## WHAT TO DO
Go to the line that contains "796 1051st Rd" in the records below and repeat it, and each line after it, exactly through the end, omitting pictures.

[Dataset entries]

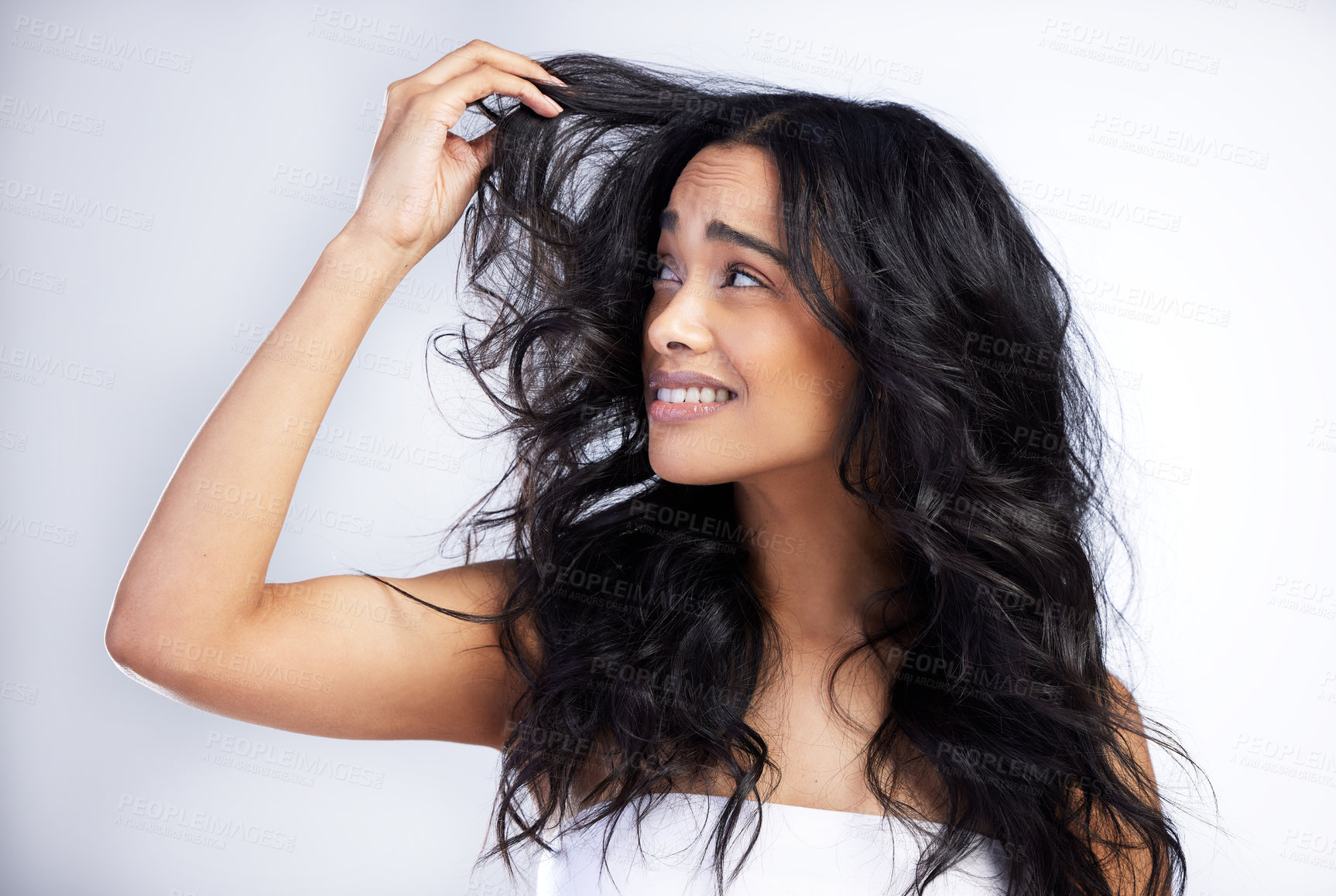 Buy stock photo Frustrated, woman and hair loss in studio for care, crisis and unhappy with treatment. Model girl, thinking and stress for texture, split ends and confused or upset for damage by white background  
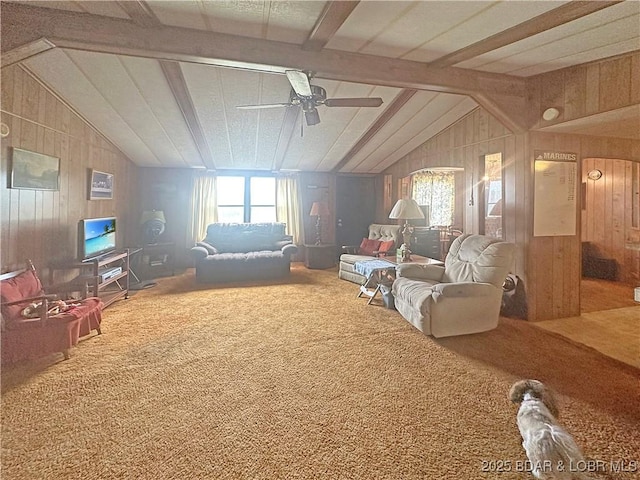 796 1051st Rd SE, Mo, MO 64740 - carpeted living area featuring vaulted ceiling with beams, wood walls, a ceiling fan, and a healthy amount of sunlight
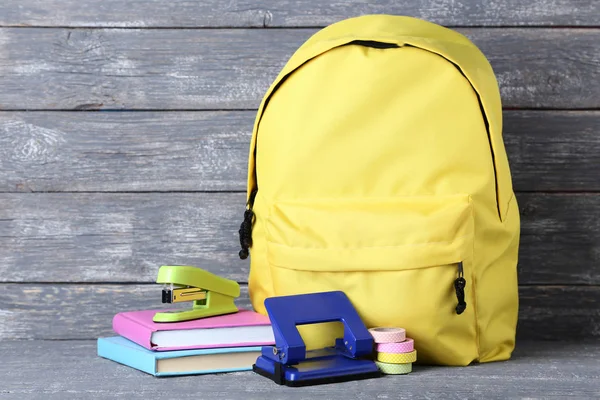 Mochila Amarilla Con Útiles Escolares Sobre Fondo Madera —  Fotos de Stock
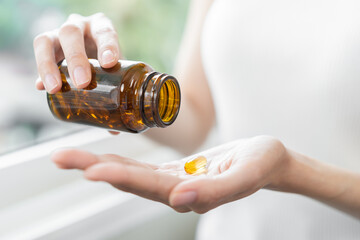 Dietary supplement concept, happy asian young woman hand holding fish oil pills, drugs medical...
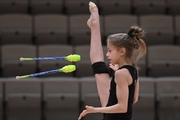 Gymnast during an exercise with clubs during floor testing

## RESULT OF THE EXERCISE
 796 1051st Rd SE, Mo, MO 64740 - carpeted living area featuring vaulted ceiling with beams, wood walls, a ceiling fan, and a healthy amount of sunlight
 Mochila Amarilla Con Útiles Escolares Sobre Fondo Madera —  Fotos de Stock
 Dietary supplement concept, happy asian young woman hand holding fish oil pills, drugs medical...
 Gymnast during an exercise with clubs during floor testing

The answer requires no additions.